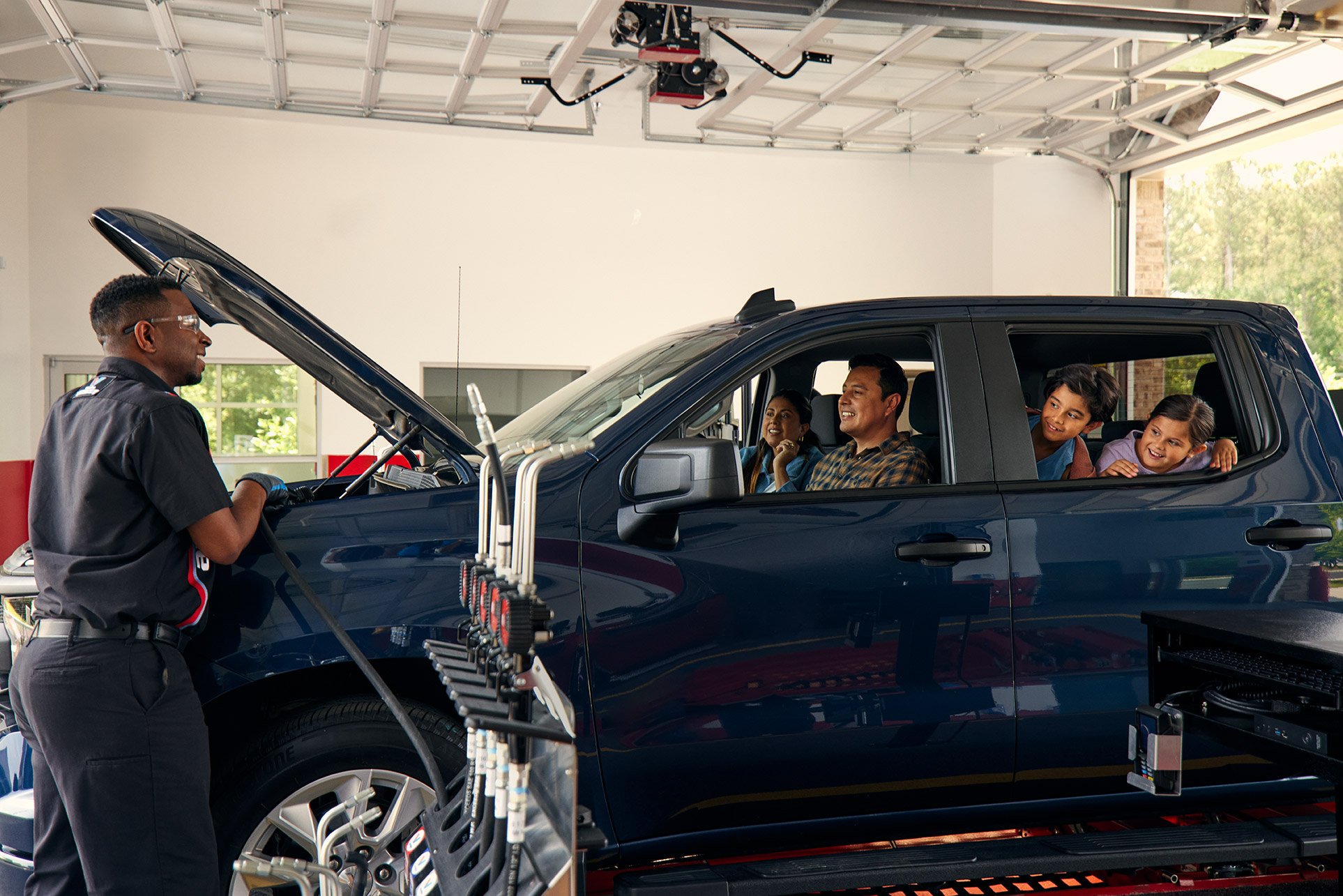 Certified Valvoline Instant Oil technician performing a service on a family's dark blue vehicle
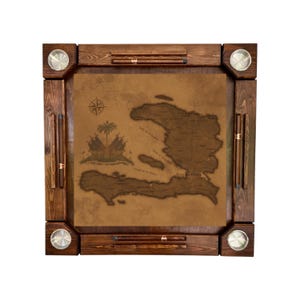 May include: A square, wooden domino table with a map of Haiti in the center. The table has a dark brown finish, with four metal cup holders and storage for dominoes. The map is in shades of brown and tan, with a compass rose and a coat of arms.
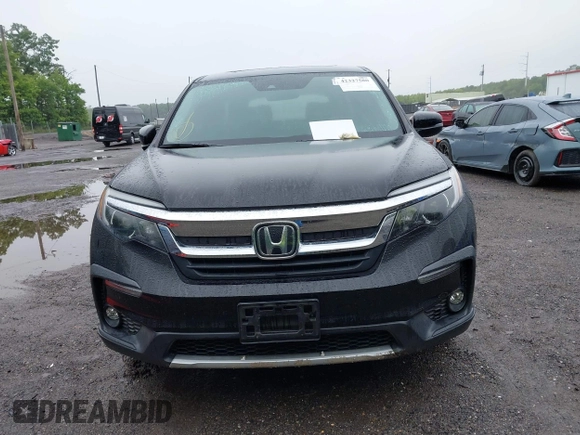 2022 Honda Pilot EX-L with VIN 5FNYF6H58NB018372, listed as a IAAI auction lot 42327580 with 79,332 mi miles and . Bid and sale history available at DreamBid. Image 12.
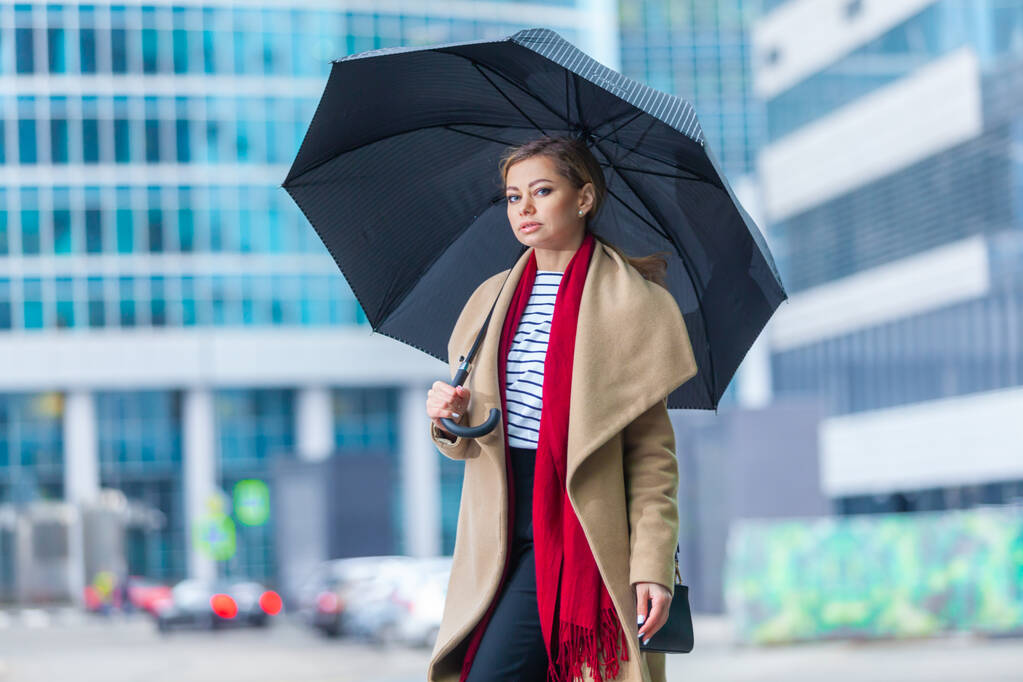 Regen. Outdoor Lifestyle Mode Porträt von atemberaubenden brünetten Mädchen. zu Fuß auf der Stadtstraße. Einkaufen gehen. Er trug einen schicken weißen Mantel, ein rotes Halstuch und einen schwarzen Regenschirm. Geschäftsfrau. - Foto, Bild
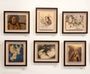 A gallery wall displays six framed artworks, including Reinier Gamboa portraits, abstract designs, and nature scenes. Among them is Ram Sees the Third, crafted in graphite on Moleskine. The pieces are arranged in two elegant rows of three, highlighting diverse styles and colors.
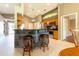 Stylish kitchen featuring a tile bar, stainless steel appliances, and pendant lighting at 14831 Yorkshire Run Dr, Orlando, FL 32828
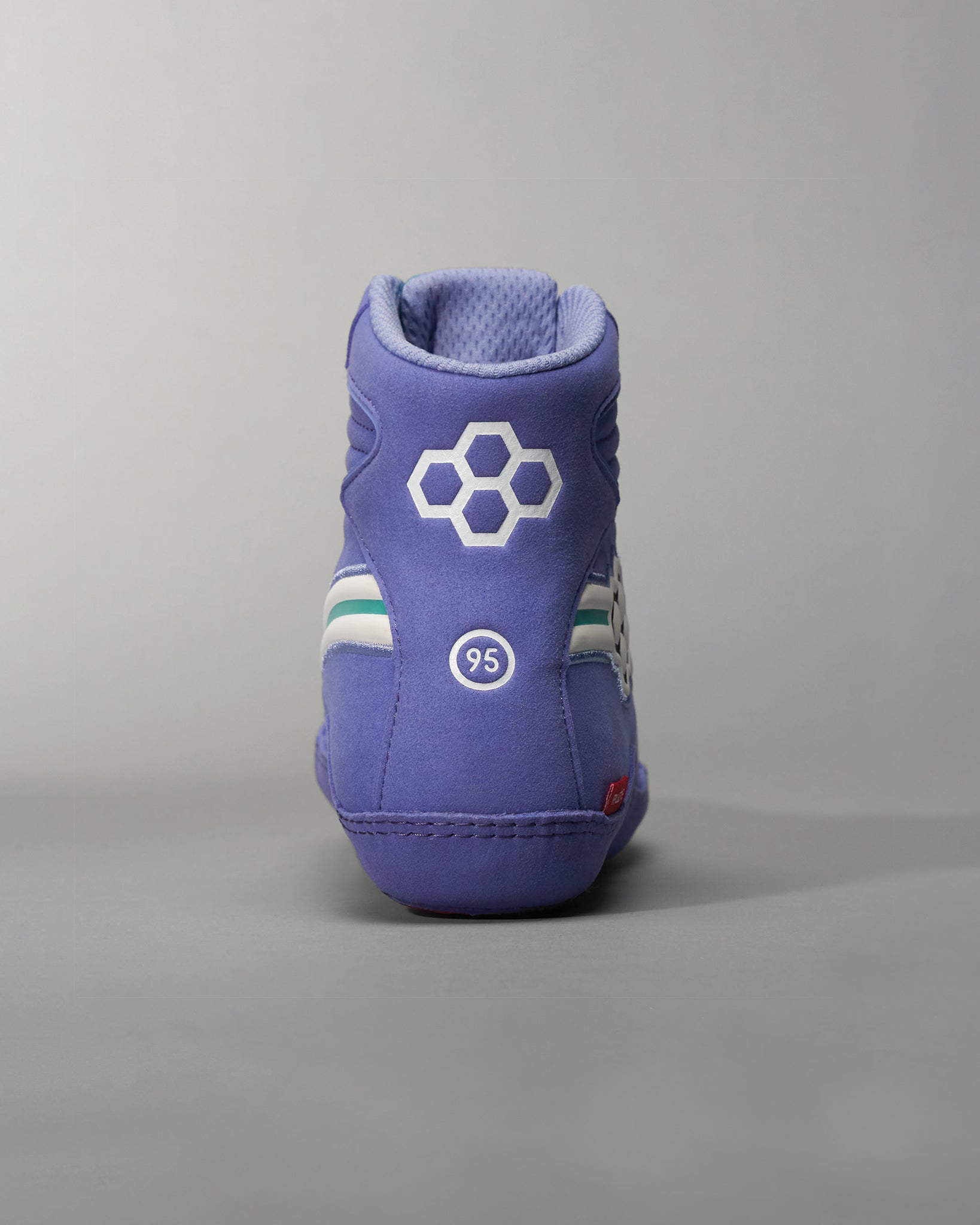Vibrant purple high-top sneakers featuring a textured finish and unique design elements ideal for both style and comfort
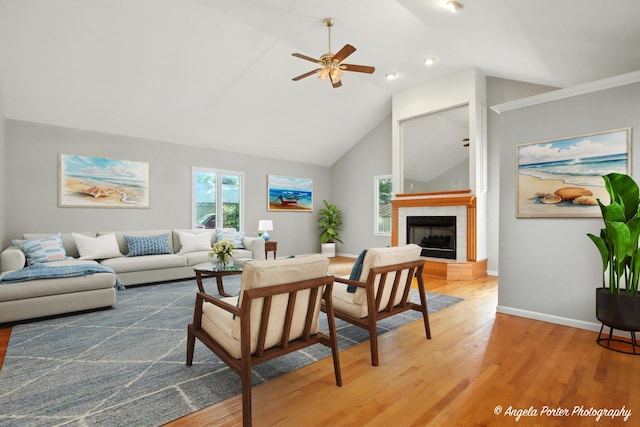 1803 N Woodlawn Park Ave, Mchenry, IL 60051 - living room featuring a ceiling fan, light wood finished floors, a fireplace, high vaulted ceiling, and recessed lighting
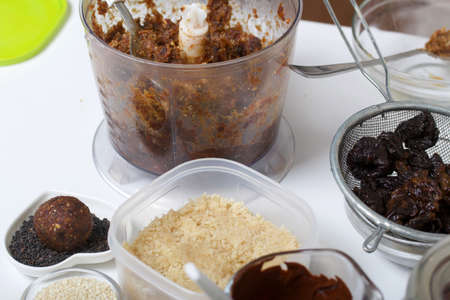 Dried fruit and nut sweets. The ingredients and tools for cooking are spread out on the table....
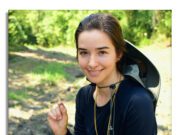No Budget for a Diamond? — You can Dig One Up for the Cost of an Entrance Fee Young woman outdoors smiling with a sun hat.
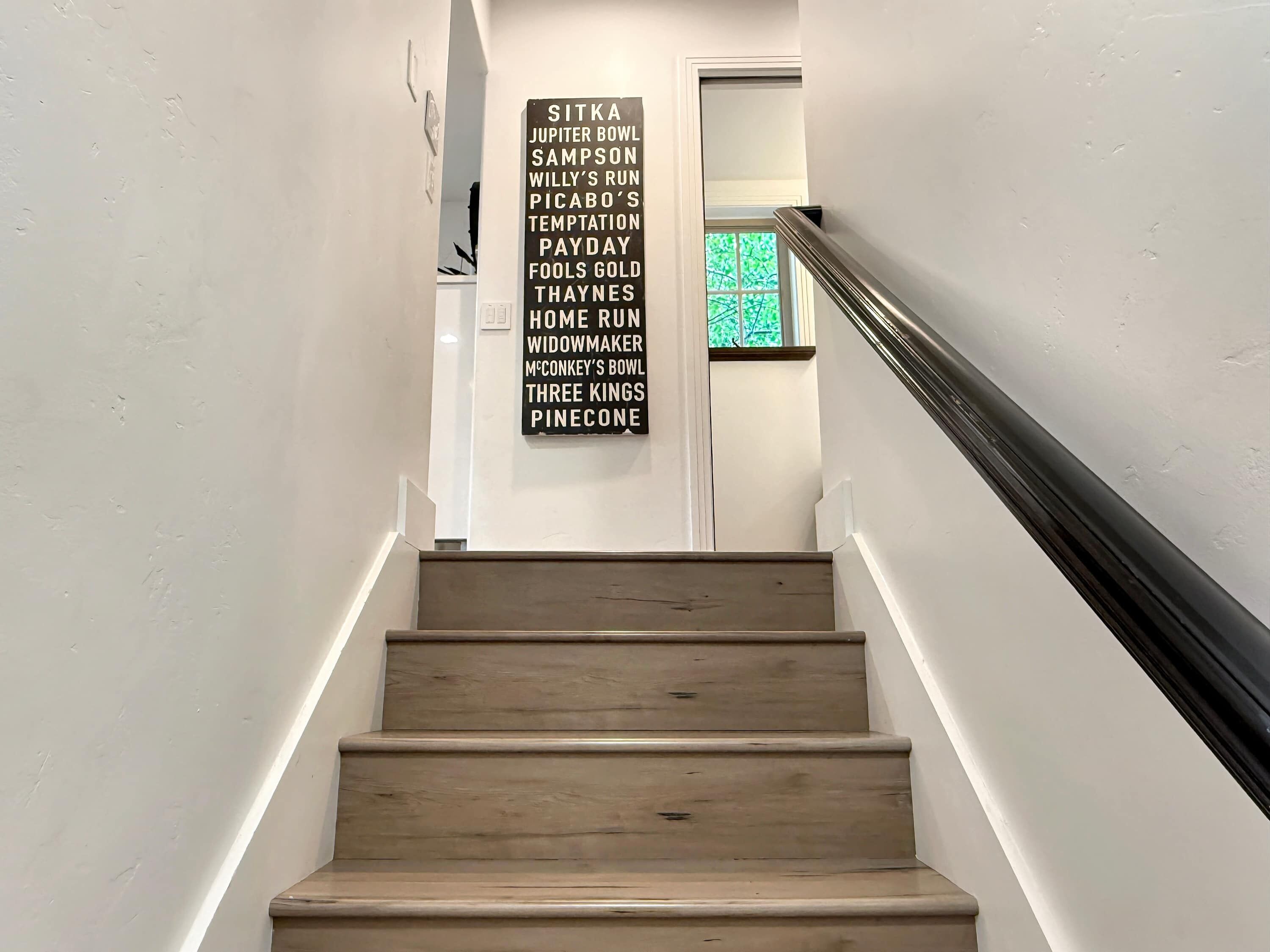 Una escalera con barandilla y un cartel en la pared que enumera varios nombres.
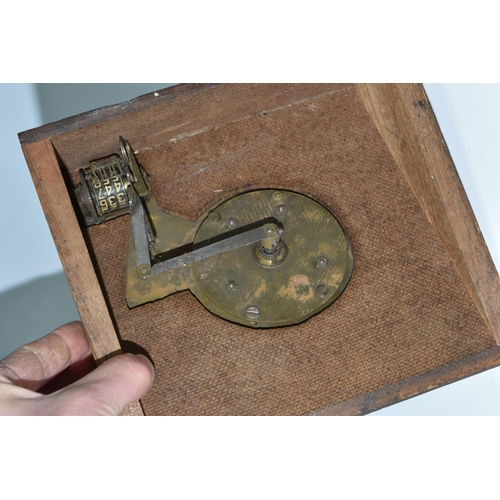 344 - A SCRATCHBUILT DISK CIPHER/CODING MACHINE, with four wheels of letters and numbers, on an angled woo... 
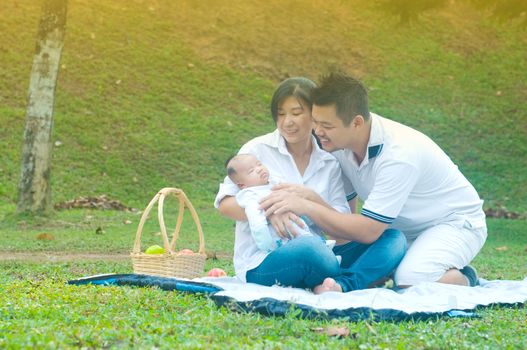 happy asian young family spending time outdoor on a summer day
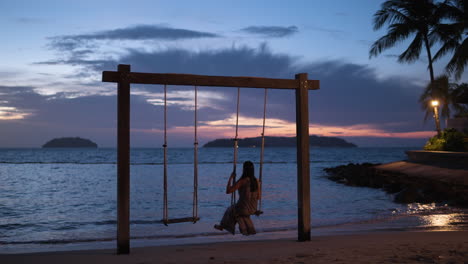 Mujer-Asiática-Solitaria-Columpiándose-Sola-En-Un-Columpio-De-Cuerda-En-La-Playa-Para-Parejas-En-La-Pintoresca-Y-Espectacular-Puesta-De-Sol-Con-Siluetas-De-Islas-Y-Esponjosas-Nubes-Moradas---Vista-Trasera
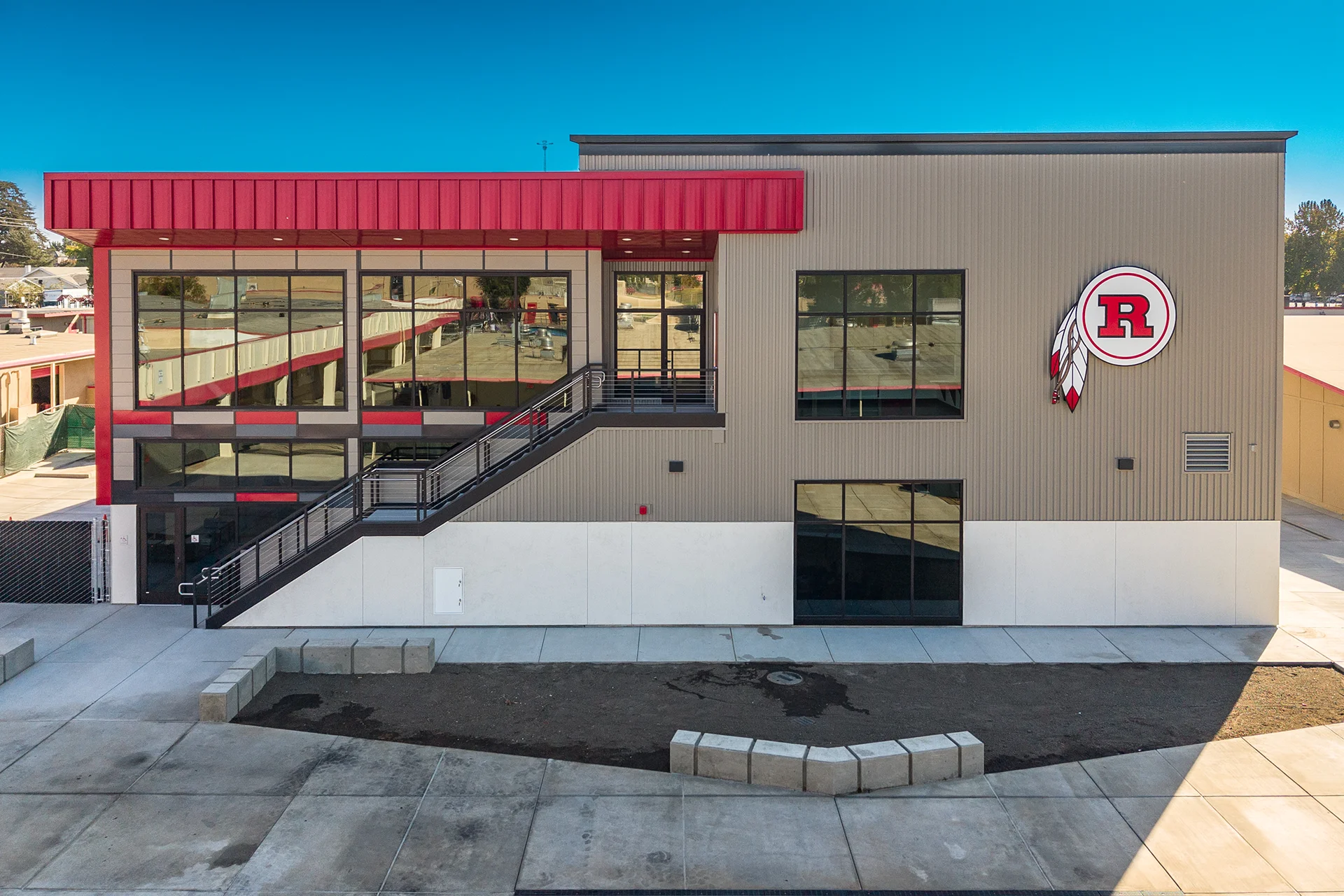 Front perspective of a modern commercial structure showcasing multi-story tinted glass curtain walls, a structural exterior steel staircase, smooth white concrete foundations, and low-maintenance architectural landscaping beds.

........

Description of the task:
Where an entry holds a picture, leave the picture out and output the rest exactly.

Your solution:
 Certified Valvoline Instant Oil technician performing a service on a family's dark blue vehicle
 May include: A square, wooden domino table with a map of Haiti in the center. The table has a dark brown finish, with four metal cup holders and storage for dominoes. The map is in shades of brown and tan, with a compass rose and a coat of arms.
 2022 Honda Pilot EX-L with VIN 5FNYF6H58NB018372, listed as a IAAI auction lot 42327580 with 79,332 mi miles and . Bid and sale history available at DreamBid. Image 12.
 Regen. Outdoor Lifestyle Mode Porträt von atemberaubenden brünetten Mädchen. zu Fuß auf der Stadtstraße. Einkaufen gehen. Er trug einen schicken weißen Mantel, ein rotes Halstuch und einen schwarzen Regenschirm. Geschäftsfrau. - Foto, Bild
 A gallery wall displays six framed artworks, including Reinier Gamboa portraits, abstract designs, and nature scenes. Among them is Ram Sees the Third, crafted in graphite on Moleskine. The pieces are arranged in two elegant rows of three, highlighting diverse styles and colors.
 Stylish kitchen featuring a tile bar, stainless steel appliances, and pendant lighting at 14831 Yorkshire Run Dr, Orlando, FL 32828
Vibrant purple high-top sneakers featuring a textured finish and unique design elements ideal for both style and comfort
 1803 N Woodlawn Park Ave, Mchenry, IL 60051 - living room featuring a ceiling fan, light wood finished floors, a fireplace, high vaulted ceiling, and recessed lighting
 Dried fruit and nut sweets. The ingredients and tools for cooking are spread out on the table....
No Budget for a Diamond? — You can Dig One Up for the Cost of an Entrance Fee Young woman outdoors smiling with a sun hat.
 Una escalera con barandilla y un cartel en la pared que enumera varios nombres.
 344 - A SCRATCHBUILT DISK CIPHER/CODING MACHINE, with four wheels of letters and numbers, on an angled woo... 
 happy asian young family spending time outdoor on a summer day
 Mujer-Asiática-Solitaria-Columpiándose-Sola-En-Un-Columpio-De-Cuerda-En-La-Playa-Para-Parejas-En-La-Pintoresca-Y-Espectacular-Puesta-De-Sol-Con-Siluetas-De-Islas-Y-Esponjosas-Nubes-Moradas---Vista-Trasera
 Front perspective of a modern commercial structure showcasing multi-story tinted glass curtain walls, a structural exterior steel staircase, smooth white concrete foundations, and low-maintenance architectural landscaping beds.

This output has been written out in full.